Vous avez déposé des amendements pour revenir sur cet aspect mais, dans sa rédaction actuelle, votre texte inverse les principes. L'affectation d'un agent public à un poste doit être conduite dans l'intérêt général et de la qualité du service au public, et non dans l'intérêt de l'agent lui-même – même si les considérations relatives à sa situation matérielle et morale ne doivent pas être oubliées.
Comme la plupart de nos collègues ultramarins et même beaucoup de nos collègues hexagonaux – j'en fais partie –, vous avez rencontré ces situations de frustration et de souffrance où l'éloignement est souvent synonyme d'isolement affectif et matériel, voire sanitaire.

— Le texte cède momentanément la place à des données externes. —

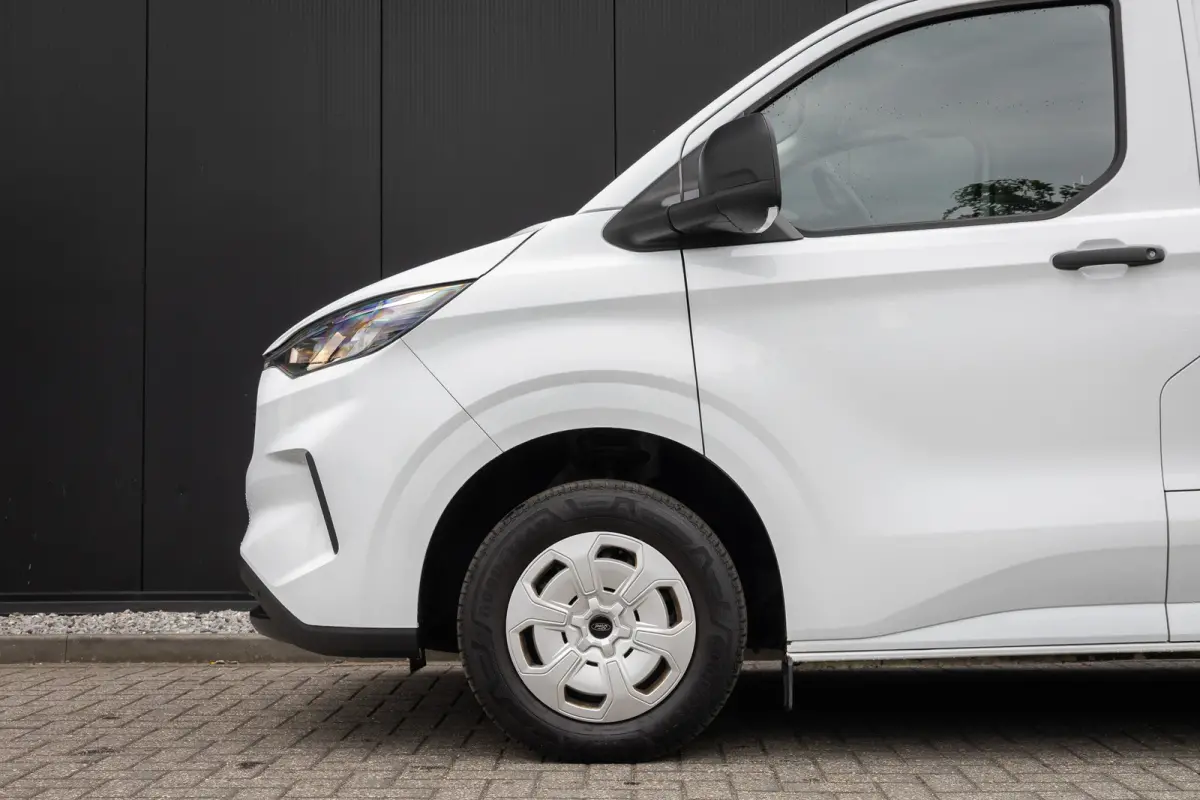 300 2.0 TDCI L2H1 Trend | Camera | 100% Dealer Onderhouden! | Climate Control | Keyless Start | Digitaal Dashboard | Parkeersensoren | Verkeersbord Detectie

Le système actuel est organisé autour de la notion de CIMM, qui donne une priorité légale d'affectation. Un rapport du ministère de la fonction publique en a dressé un bilan en juillet 2021. Il serait injuste d'y lire que ce système est totalement défaillant. Les demandes de mutation vers les outre-mer sont justifiées, pour 13 % d'entre elles, par le CIMM ; 23 % des affectations sont fondées sur lui. Il faut néanmoins remarquer que ces statistiques sont déformées par la situation de trois administrations : l'éducation nationale, les forces de sécurité intérieure et la pénitentiaire.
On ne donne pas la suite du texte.